> _WHAT NEEDS TO BE DONE_: Down to the last line, set down the material below exactly; skip the pictures.
== Segment start ==
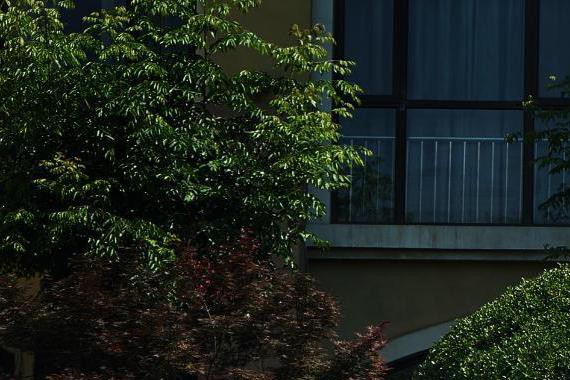 雪铁龙不保值，能继续买雪铁龙吗？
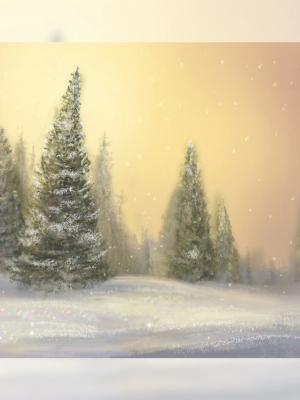 Christmas Morning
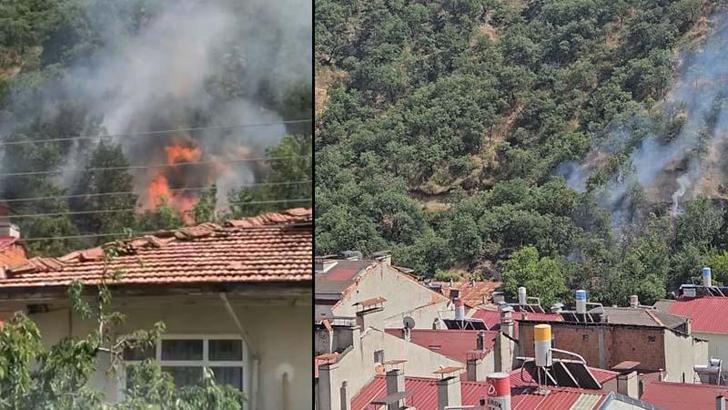 Kastamonu'da orman yangını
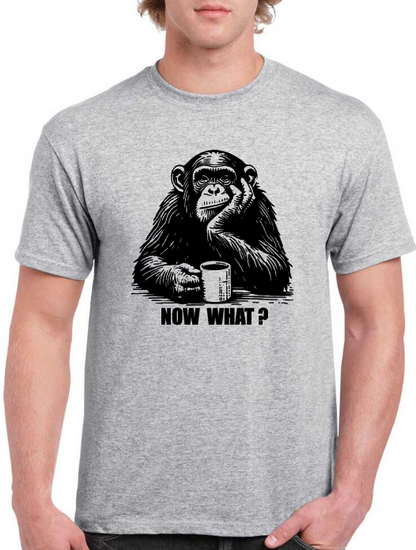 T-shirt singe monkey now what ?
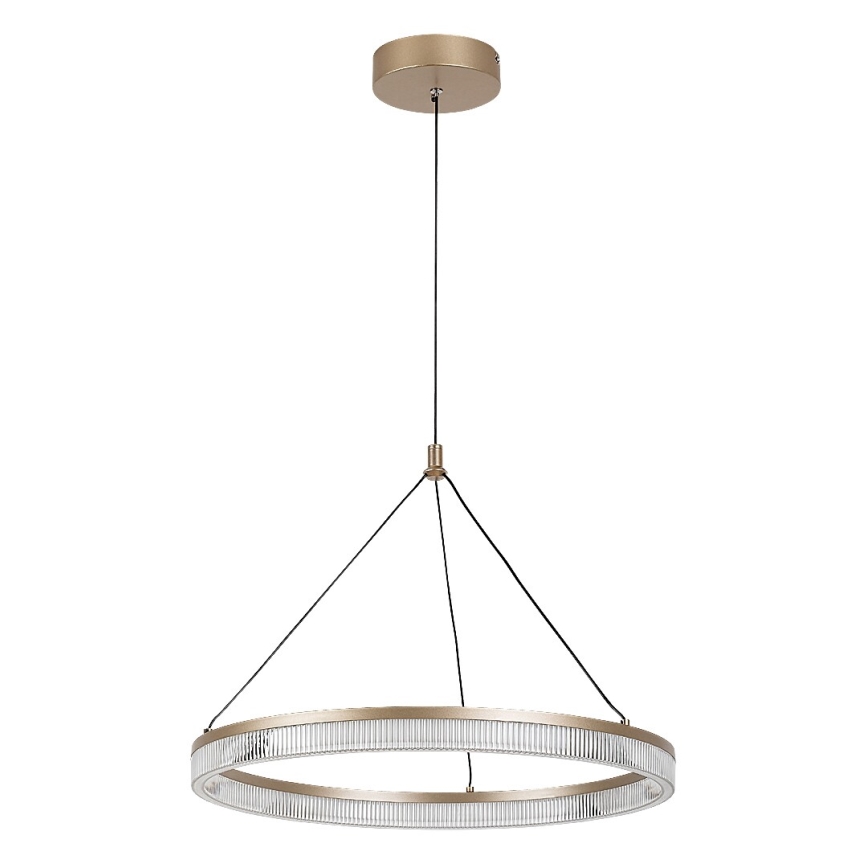 Rabalux - Lustre LED regulável suspenso por cabo LED/24W/230V 3000-6500K + comando remoto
== Segment end ==
> _REPLY_:
 雪铁龙不保值，能继续买雪铁龙吗？
 Christmas Morning
 Kastamonu'da orman yangını
 T-shirt singe monkey now what ?
 Rabalux - Lustre LED regulável suspenso por cabo LED/24W/230V 3000-6500K + comando remoto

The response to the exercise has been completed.